Answer to Question 1
Answer: Ethnicity is identity with a group of people who share the cultural traditions of a particular homeland or hearth. Nationality, on the other hand, is identity with a group of people who share legal attachment and personal allegiance to a particular country. Nationality and ethnicity are similar concepts in that both involve identification with a place.

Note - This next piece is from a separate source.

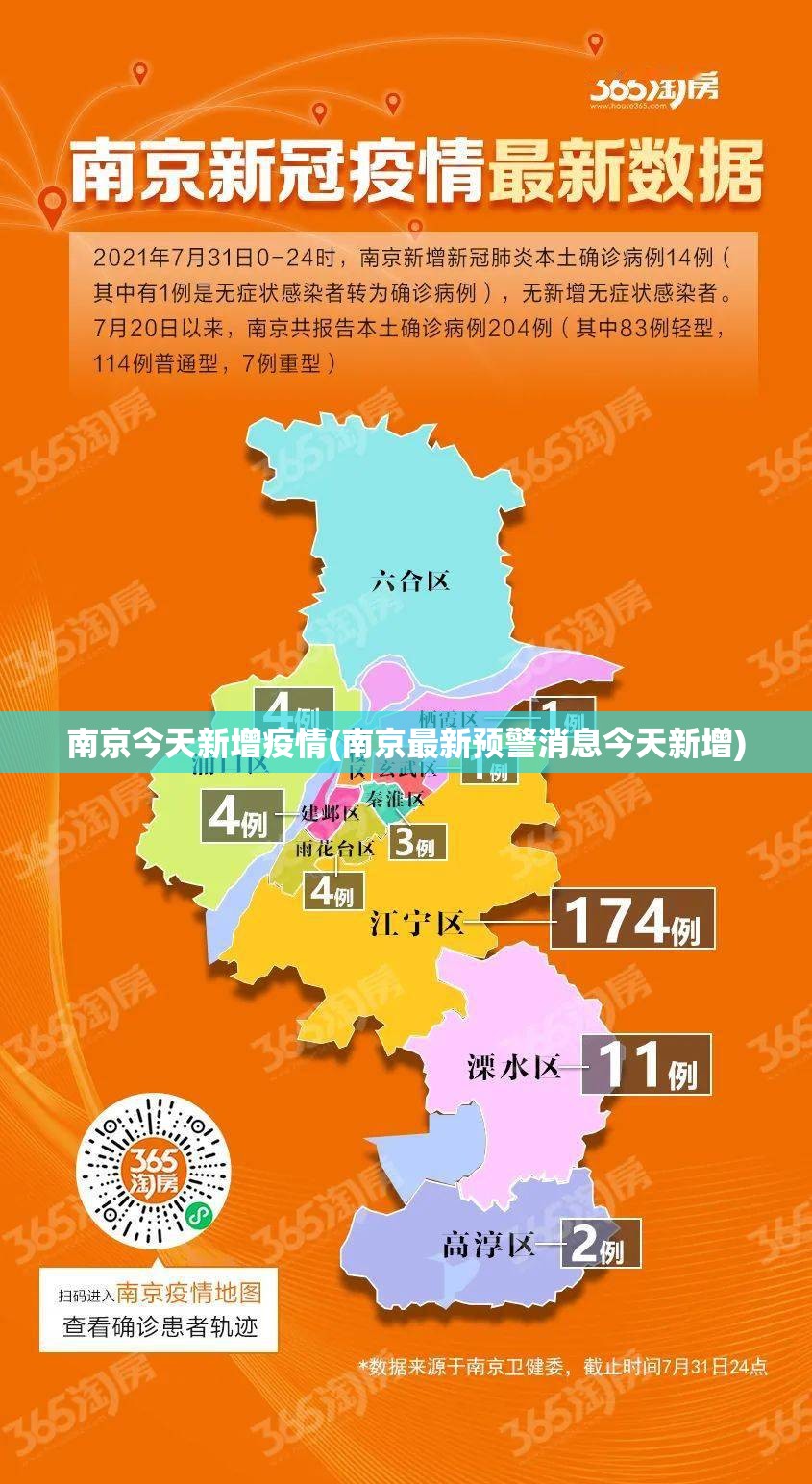 南京今天新增疫情(南京最新预警消息今天新增)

In principle, the cultural values shared with others of the same ethnicity derive from religion, language, and folk culture, whereas those shared with others of the same nationality derive from voting, obtaining a passport, and performing civic duties. In the United States, nationality is generally kept reasonably distinct from ethnicity in common usage. The American nationality identifies citizens of the United States of America, including those born in the country and those who immigrated and became citizens. Ethnicity in the United States identifies groups with distinct ancestry and cultural traditions, such as African Americans, Hispanic Americans, Chinese Americans, and Polish Americans.

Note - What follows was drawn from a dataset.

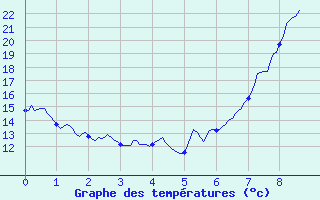 Courbe de tempratures pour Aups (83)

The United States forged a nationality in the late eighteenth century through sharing the values expressed in the Declaration of Independence, the U.S. Constitution, and the Bill of Rights. To be American meant believing in the unalienable rights of life, liberty, and the pursuit of happiness, and electing a President rather than submitting to a hereditary monarch.
Answer to Question 2
Answer: The word al-Qaeda is an Arabic word meaning the foundation. It is also the name of the terrorist group founded by Osama bin Laden. This network has been implicated in several bombings since 9/11. The al-Qaeda network issued a declaration of war against the United States in 1996 because of perceived grievances against the US, including the U.S. support for Saudi Arabia and Israel. In a 1998 religious decree known as a FATWA, bin Laden argued that Muslims had a duty to wage a holy war against U.S. citizens because the United States was responsible for maintaining the Saud royal family as rulers of Saudi Arabia and a state of Israel dominated by Jews. Destruction of the Saudi monarchy and the Jewish state of Israel would liberate from their control Islam's three holiest sites of Mecca, Madinah, and Jerusalem.
After U.S. Navy SEALS killed bin Laden in 2011, he was replaced by his deputy Ayman al-Zawahiri. Al-Qaeda is not a single unified organization. In addition to the original organization responsible for the World Trade Center attack, al-Qaeda also encompasses local franchises concerned with country-specific issues, as well as imitators and emulators ideologically aligned with al-Qaeda but not financially tied to it.
Al-Qaeda's use of religion to justify attacks has posed challenges to Muslims and non-Muslims alike. For many Muslims, the challenge has been to express disagreement with the policies of governments in the United States and Europe yet disavow the use of terrorism. For many Americans and Europeans, the challenge has been to distinguish between the peaceful but unfamiliar principles and practices of the world's 1.3 billion Muslims and the misuse and abuse of Islam by a handful of terrorists.